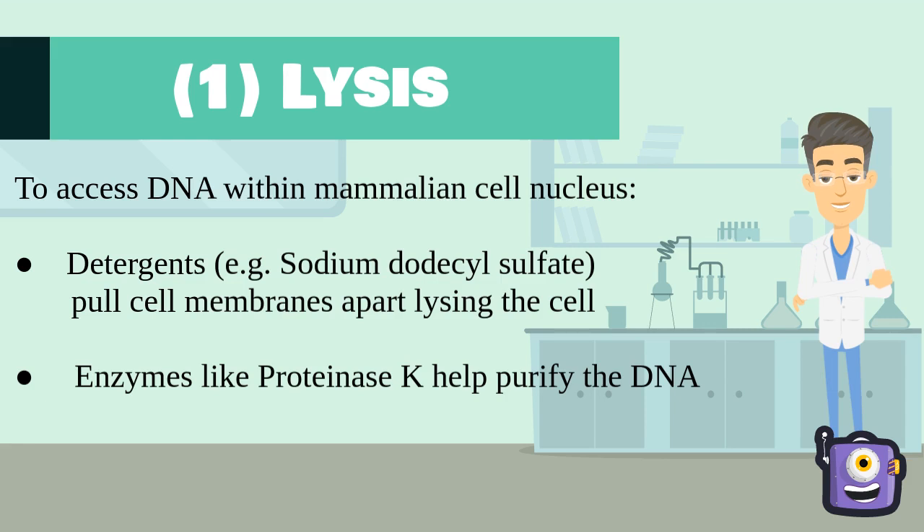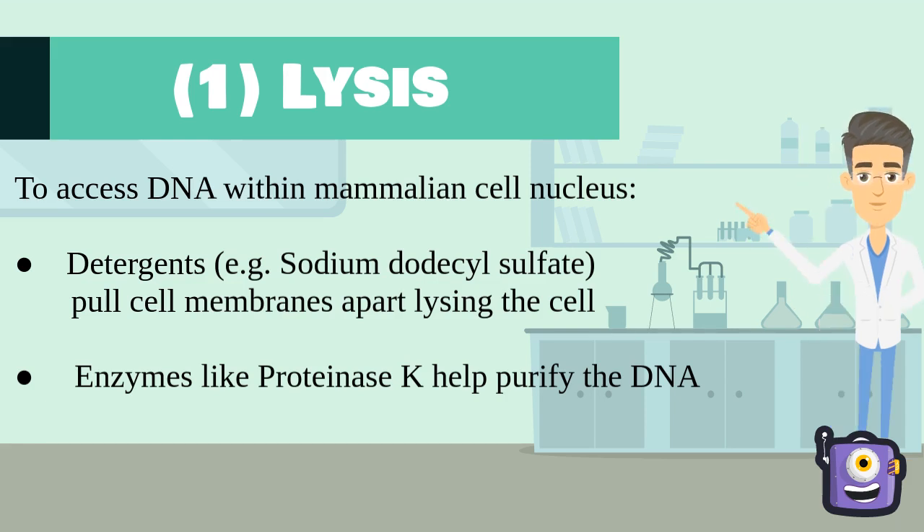To do this we need two key ingredients: detergents and enzymes. Detergents such as SDS are used because they can pull apart the proteins and lipids that make up the cell membrane and the nuclear membrane, thereby lysing the cell and causing the DNA contents to spill out. Adding enzymes like proteinase K will help purify our DNA by removing contaminant proteins, and they also break down nucleases that may degrade the DNA during extraction.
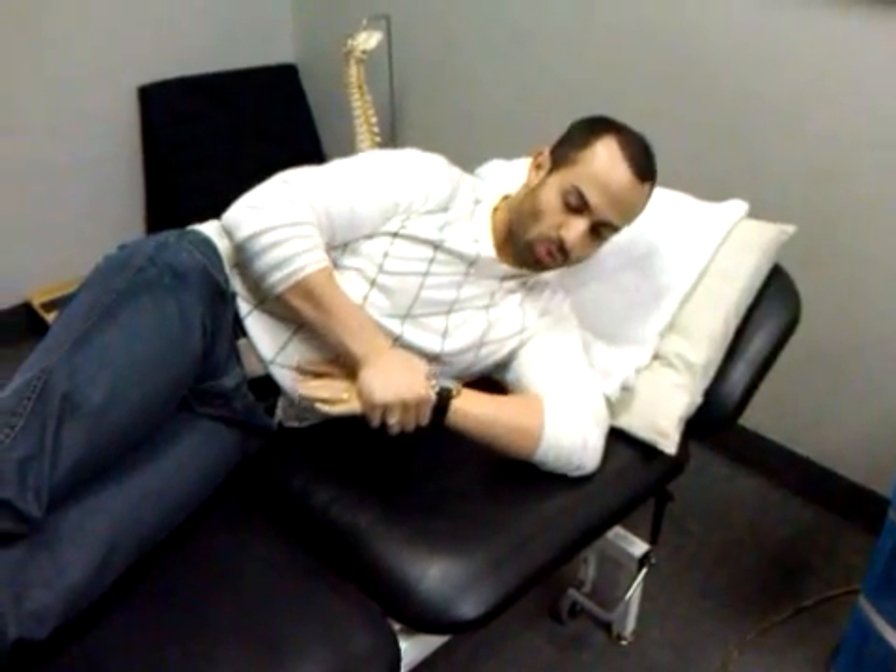At that point, have the patients hold that stretch for anywhere between two minutes to 20 minutes — as long as they possibly can. The longer they hold, the better. The reason we do that is because through recent research on fascia, we know that in order for there to be a sustained deformation of the tissue, we have to hold the stretches, especially of capsular tissue, a lot longer than you once thought.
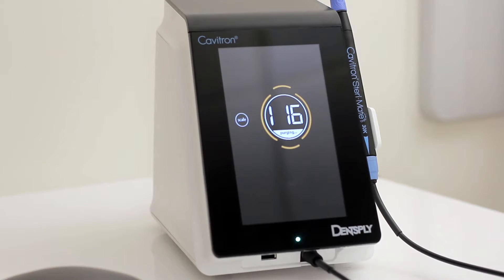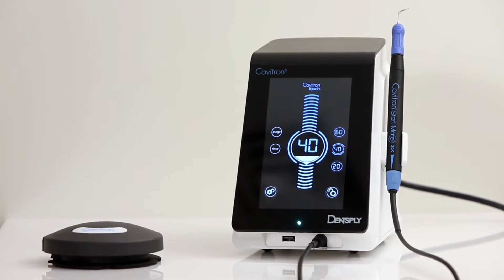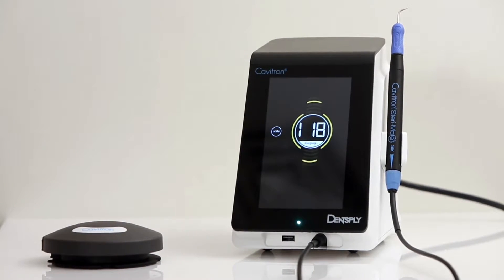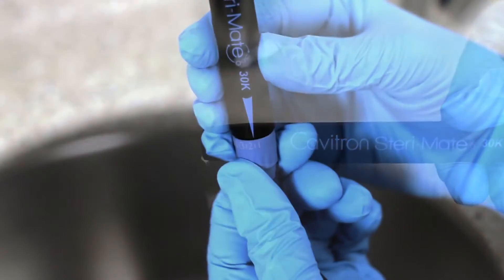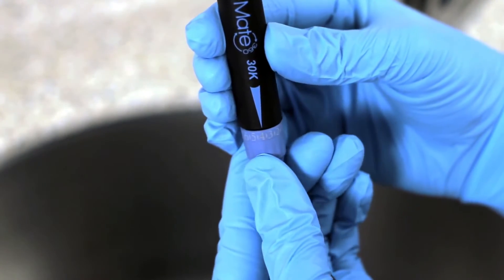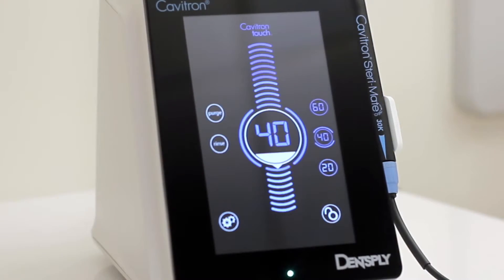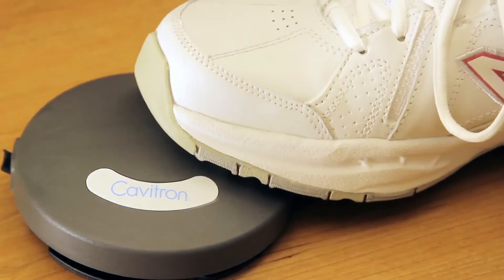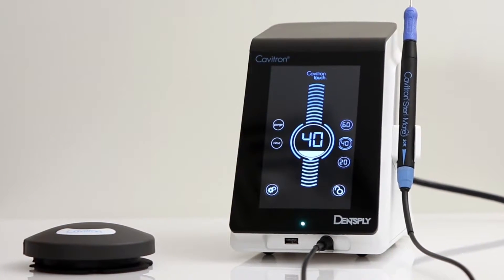Use of purge feature: This setting is used to flush the water lines at the beginning of the day or between patients. Purge will run automatically for 2 minutes and adjustments can be made for maximum water flow with a countdown in seconds shown on the screen. Push the scale button to return to the main screen or simply tap the foot pedal. After a 2-minute countdown, it will then return to the main screen.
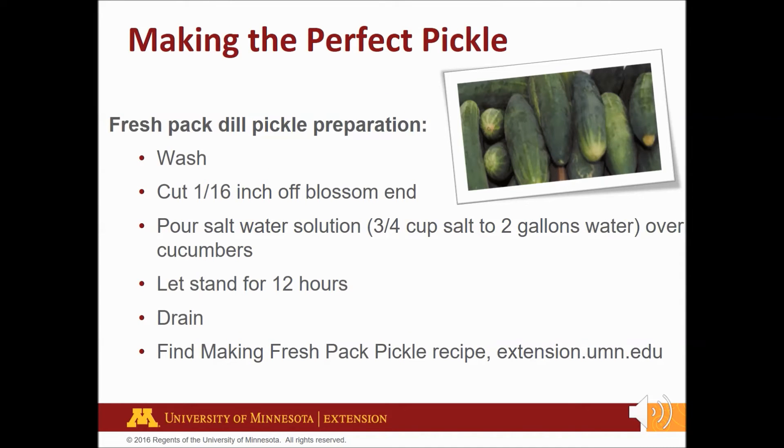To make fresh packed dill pickles, first wash under running water using a vegetable brush or clean soft cloth to remove dirt. Next, cut 1/16th of an inch from the blossom or bottom end to remove natural enzymes that cause the pickle to become soft. Pour a saltwater solution of 3/4 cup of salt to 2 gallons of water over the cucumbers. Let stand for 12 hours, then drain.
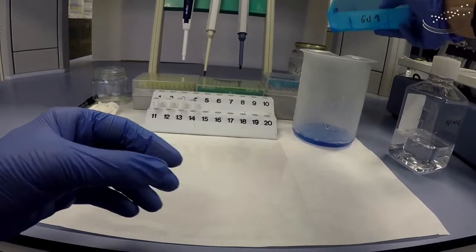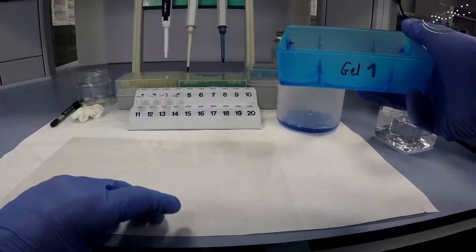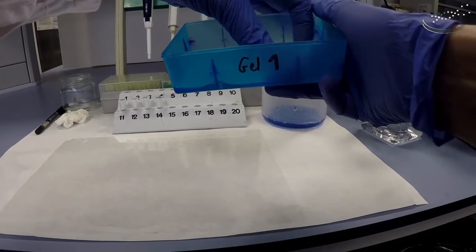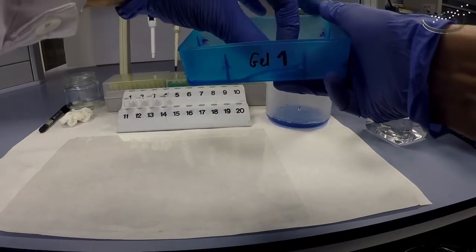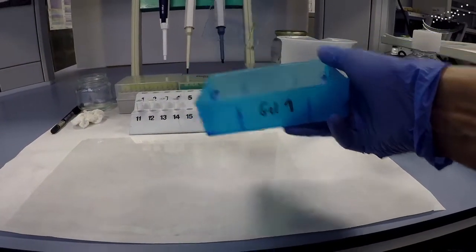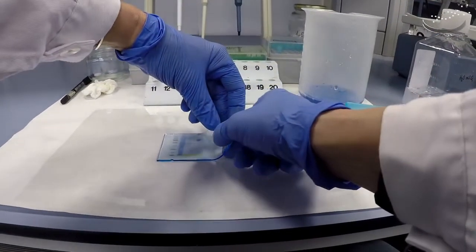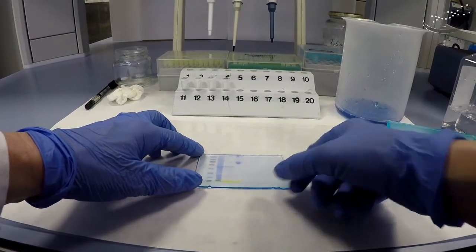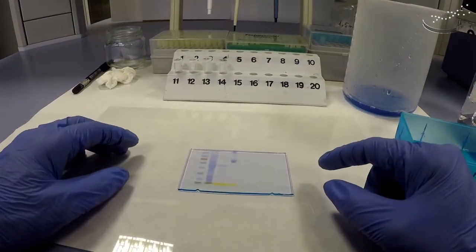We take the gel out of the box and put it onto a plastic sheet to show you the gel staining result. You can see on the left-hand side the pre-stained markers as we saw before, and in the next three lanes we can now see the staining of our different protein samples.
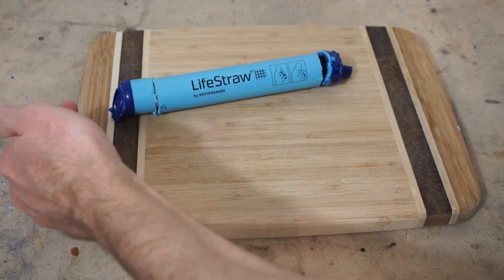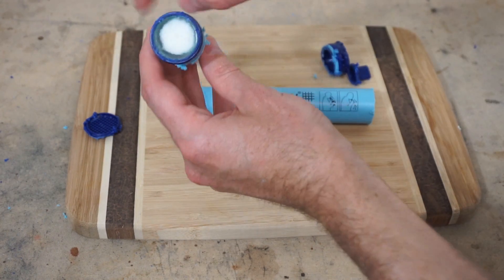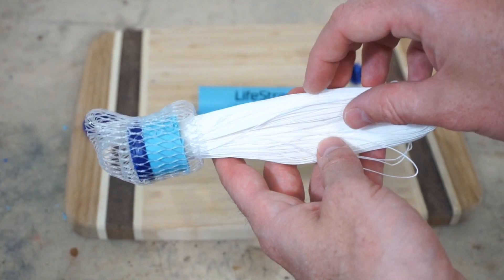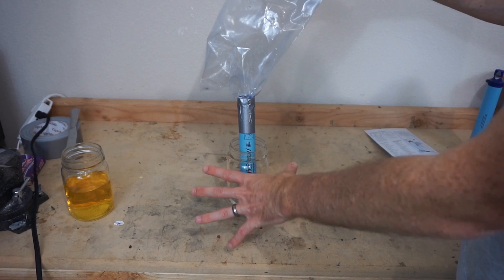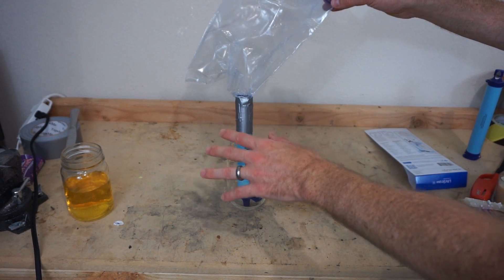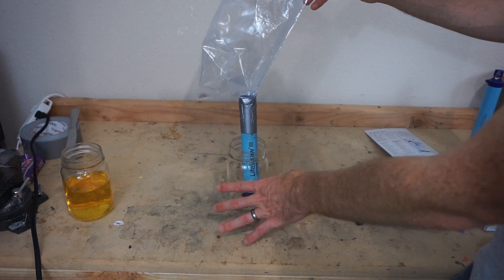I'm going to be using a LifeStraw to filter the urine. The dirty water comes in one end and clean water comes out the other. If you take it apart, the dirty end is just a bunch of little tiny straws in a loop — liquids can pass through but the bacteria stay inside the straws. So I'm going to pour my urine through it, collect it in a bottle below, and at the end I'll have sterile urine. Even though this looks like a pretty ghetto setup, the LifeStraw removes 99.9999% of bacteria — hospital grade sterile.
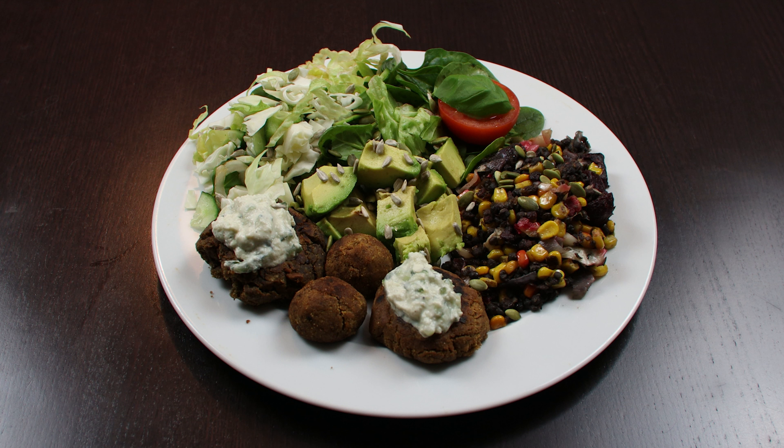This is one of my dishes and the base protein here is chickpeas that I have mashed together and made into meatballs and small hamburgers. On that I made a tzatziki with plant-based yogurt and also have a little bit of green salad with some cabbage and avocado that I topped up with a little bit of sunflower seed.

———

__Task prompt__
The copy must reproduce every entry exactly while excluding all pictures.

__Answer section__
To do this we need two key ingredients: detergents and enzymes. Detergents such as SDS are used because they can pull apart the proteins and lipids that make up the cell membrane and the nuclear membrane, thereby lysing the cell and causing the DNA contents to spill out. Adding enzymes like proteinase K will help purify our DNA by removing contaminant proteins, and they also break down nucleases that may degrade the DNA during extraction.
At that point, have the patients hold that stretch for anywhere between two minutes to 20 minutes — as long as they possibly can. The longer they hold, the better. The reason we do that is because through recent research on fascia, we know that in order for there to be a sustained deformation of the tissue, we have to hold the stretches, especially of capsular tissue, a lot longer than you once thought.
Use of purge feature: This setting is used to flush the water lines at the beginning of the day or between patients. Purge will run automatically for 2 minutes and adjustments can be made for maximum water flow with a countdown in seconds shown on the screen. Push the scale button to return to the main screen or simply tap the foot pedal. After a 2-minute countdown, it will then return to the main screen.
To make fresh packed dill pickles, first wash under running water using a vegetable brush or clean soft cloth to remove dirt. Next, cut 1/16th of an inch from the blossom or bottom end to remove natural enzymes that cause the pickle to become soft. Pour a saltwater solution of 3/4 cup of salt to 2 gallons of water over the cucumbers. Let stand for 12 hours, then drain.
We take the gel out of the box and put it onto a plastic sheet to show you the gel staining result. You can see on the left-hand side the pre-stained markers as we saw before, and in the next three lanes we can now see the staining of our different protein samples.
I'm going to be using a LifeStraw to filter the urine. The dirty water comes in one end and clean water comes out the other. If you take it apart, the dirty end is just a bunch of little tiny straws in a loop — liquids can pass through but the bacteria stay inside the straws. So I'm going to pour my urine through it, collect it in a bottle below, and at the end I'll have sterile urine. Even though this looks like a pretty ghetto setup, the LifeStraw removes 99.9999% of bacteria — hospital grade sterile.
This is one of my dishes and the base protein here is chickpeas that I have mashed together and made into meatballs and small hamburgers. On that I made a tzatziki with plant-based yogurt and also have a little bit of green salad with some cabbage and avocado that I topped up with a little bit of sunflower seed.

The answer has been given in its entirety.